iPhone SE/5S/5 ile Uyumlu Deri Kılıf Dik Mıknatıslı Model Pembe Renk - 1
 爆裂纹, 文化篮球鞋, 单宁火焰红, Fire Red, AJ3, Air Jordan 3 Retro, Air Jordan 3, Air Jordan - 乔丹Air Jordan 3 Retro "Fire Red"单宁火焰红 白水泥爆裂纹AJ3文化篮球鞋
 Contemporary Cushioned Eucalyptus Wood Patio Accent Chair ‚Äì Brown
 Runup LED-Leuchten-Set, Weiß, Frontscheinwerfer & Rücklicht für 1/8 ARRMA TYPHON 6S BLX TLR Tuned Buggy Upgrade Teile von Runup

The problem: Each line in the material above must be retyped without alteration.

Result:
iPhone SE/5S/5 ile Uyumlu Deri Kılıf Dik Mıknatıslı Model Pembe Renk - 1
 爆裂纹, 文化篮球鞋, 单宁火焰红, Fire Red, AJ3, Air Jordan 3 Retro, Air Jordan 3, Air Jordan - 乔丹Air Jordan 3 Retro "Fire Red"单宁火焰红 白水泥爆裂纹AJ3文化篮球鞋
 Contemporary Cushioned Eucalyptus Wood Patio Accent Chair ‚Äì Brown
 Runup LED-Leuchten-Set, Weiß, Frontscheinwerfer & Rücklicht für 1/8 ARRMA TYPHON 6S BLX TLR Tuned Buggy Upgrade Teile von Runup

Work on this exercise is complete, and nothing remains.